Please let me know how can I resolve this one.

0 Karma
1 Solution

SplunkTrust
SplunkTrust

It was good you tried to avoid transaction, which you should avoid whenever you can. You just need to prep the records a bit before executing the stats command.

Try this...

index=XXX sourcetype=yyy autosys_job=* autosys_status=* 
| fields autosys_job autosys_status
| rename COMMENT as "the above selects the desired events and limits them to desired fields.  _time is also retained"

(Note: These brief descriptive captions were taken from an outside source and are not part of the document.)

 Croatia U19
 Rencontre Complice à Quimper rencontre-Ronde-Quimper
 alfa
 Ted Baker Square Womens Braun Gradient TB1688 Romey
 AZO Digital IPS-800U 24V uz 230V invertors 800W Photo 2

| rename COMMENT as "We find the last time each job started, and copy it onto all records for that job"
| rename COMMENT as "Then get rid of any RUNNING, SUCCESS OR FAILURE from prior runs"
| eval last_start=if(autosys_status="RUNNING",_time,null())
| eventstats latest(last_start) as last_start by autosys_job
| where _time >= last_start

| rename COMMENT as "The only remaining records are from the current run.  End_time will come from any SUCCESS or FAILURE, and be empty otherwise."
| eval last_end=if(autosys_status="SUCCESS" OR autosys_status="FAILURE",_time, null())
| stats min(last_start) as StartTime, max(last_end) as EndTime, 
    latest(autosys_status) as CurrentStatus by autosys_job  

updated last(last_start) to latest(last_start).

View solution in original post

0 Karma

SplunkTrust
SplunkTrust

It was good you tried to avoid transaction, which you should avoid whenever you can. You just need to prep the records a bit before executing the stats command.

Try this...

index=XXX sourcetype=yyy autosys_job=* autosys_status=* 
| fields autosys_job autosys_status
| rename COMMENT as "the above selects the desired events and limits them to desired fields.  _time is also retained"

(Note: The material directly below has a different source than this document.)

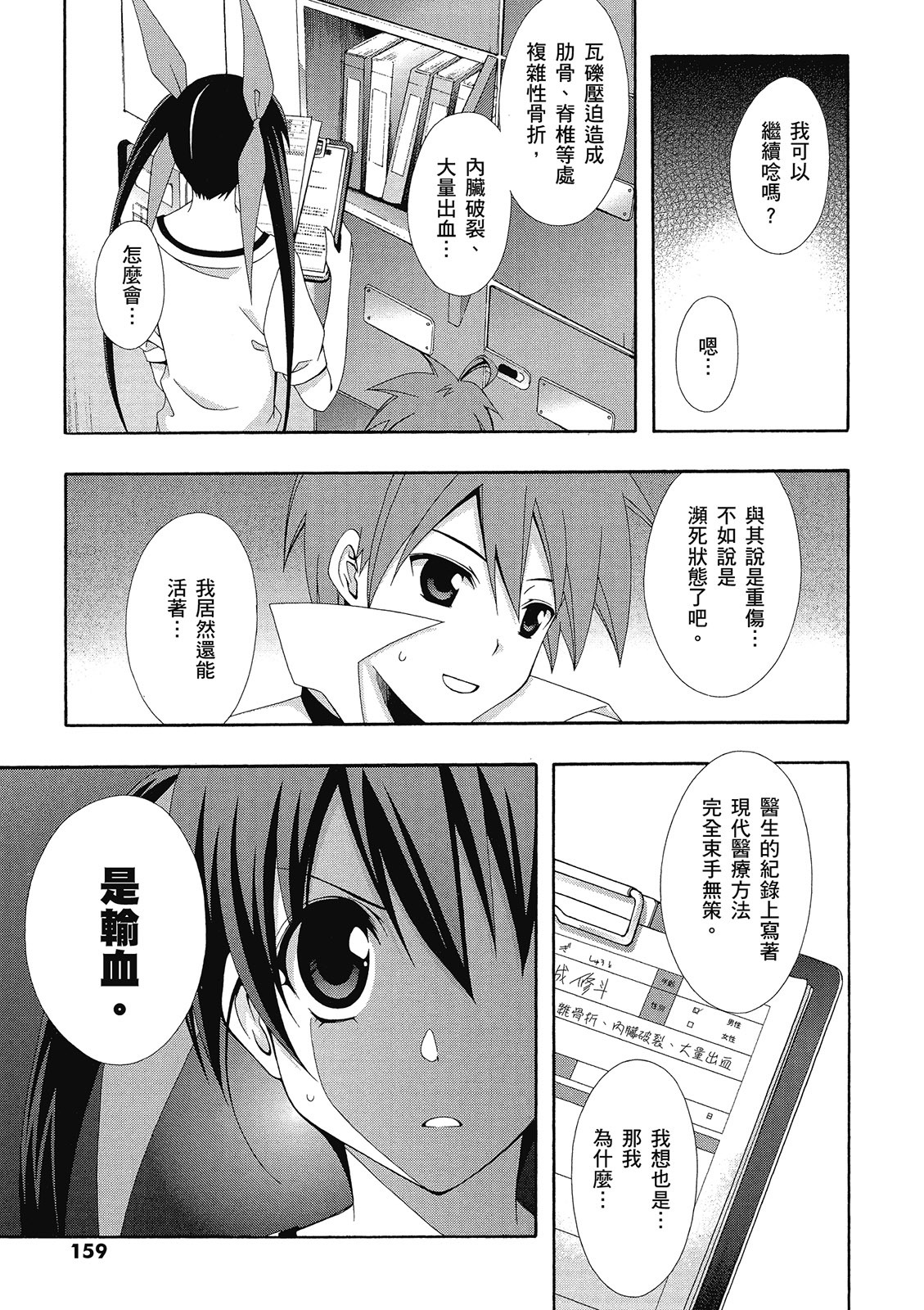 第158页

| rename COMMENT as "We find the last time each job started, and copy it onto all records for that job"
| rename COMMENT as "Then get rid of any RUNNING, SUCCESS OR FAILURE from prior runs"
| eval last_start=if(autosys_status="RUNNING",_time,null())
| eventstats latest(last_start) as last_start by autosys_job
| where _time >= last_start

| rename COMMENT as "The only remaining records are from the current run.  End_time will come from any SUCCESS or FAILURE, and be empty otherwise."
| eval last_end=if(autosys_status="SUCCESS" OR autosys_status="FAILURE",_time, null())
| stats min(last_start) as StartTime, max(last_end) as EndTime, 
    latest(autosys_status) as CurrentStatus by autosys_job  

updated last(last_start) to latest(last_start).

View solution in original post

0 Karma

Contributor

Wow!!! Awesome!!!! @DalJeanis. It did the magic!! If framing the complex queries its an art, you are picasso in it.

With the small modification in step 8 my need served.

 | eventstats latest(last_start) as last_start by autosys_job

SplunkTrust
SplunkTrust

@Kwip - Thanks! Good catch. FYI, I had removed a sort and streamstats, switching to eventstats, and had neglected to change last() to latest().